Task objective:
The pictures get left out, but everything else in the listing below must be duplicated exactly.

Provided data:
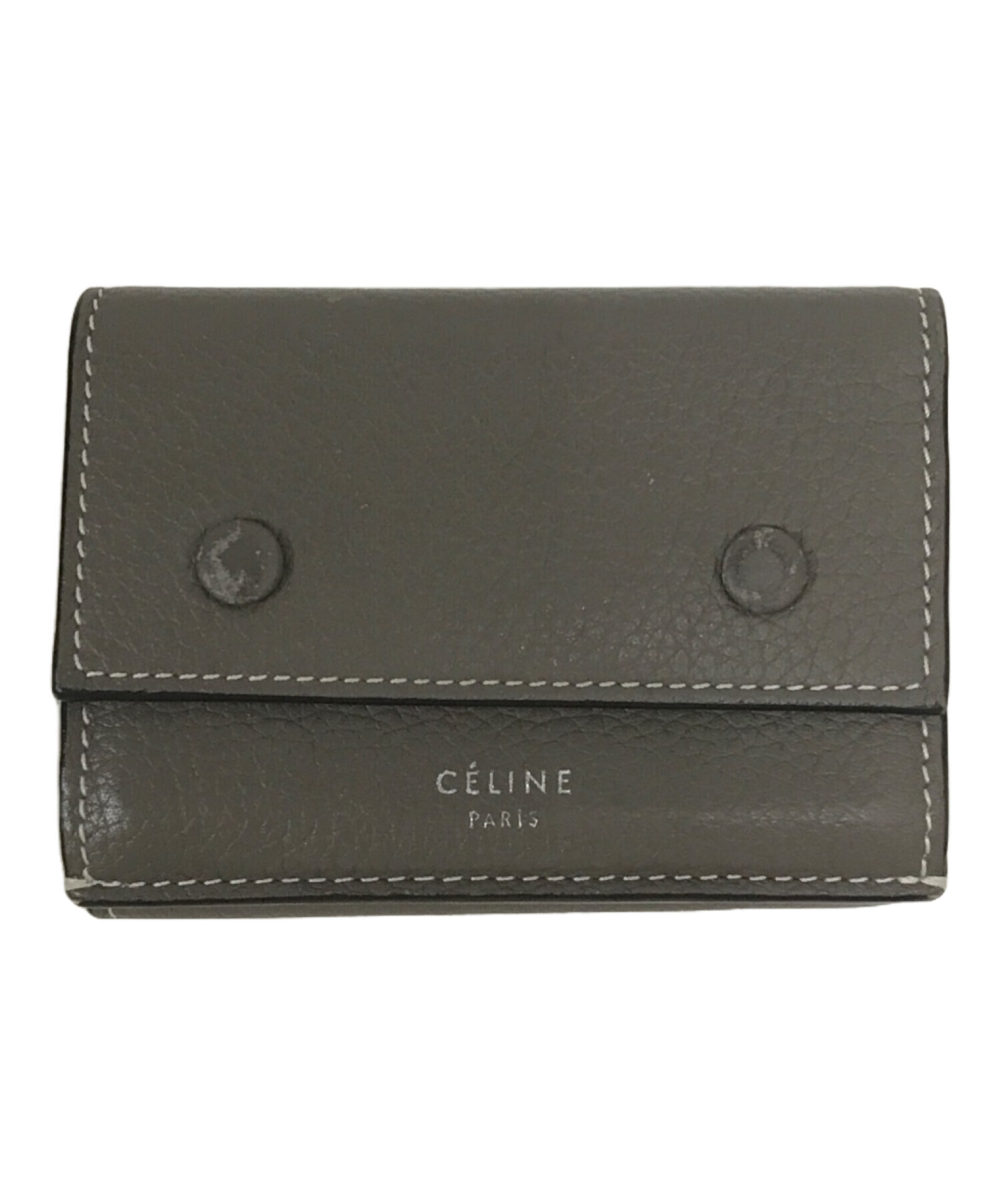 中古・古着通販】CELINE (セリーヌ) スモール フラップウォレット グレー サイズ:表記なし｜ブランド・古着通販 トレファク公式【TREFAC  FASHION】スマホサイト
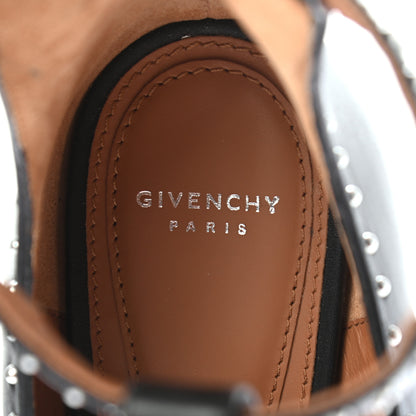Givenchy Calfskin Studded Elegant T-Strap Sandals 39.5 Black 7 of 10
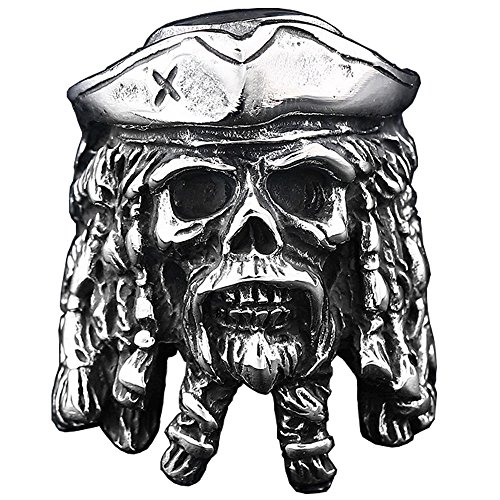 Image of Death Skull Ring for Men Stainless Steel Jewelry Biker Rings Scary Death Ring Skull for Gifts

Exercise response:
 中古・古着通販】CELINE (セリーヌ) スモール フラップウォレット グレー サイズ:表記なし｜ブランド・古着通販 トレファク公式【TREFAC  FASHION】スマホサイト
Givenchy Calfskin Studded Elegant T-Strap Sandals 39.5 Black 7 of 10
 Image of Death Skull Ring for Men Stainless Steel Jewelry Biker Rings Scary Death Ring Skull for Gifts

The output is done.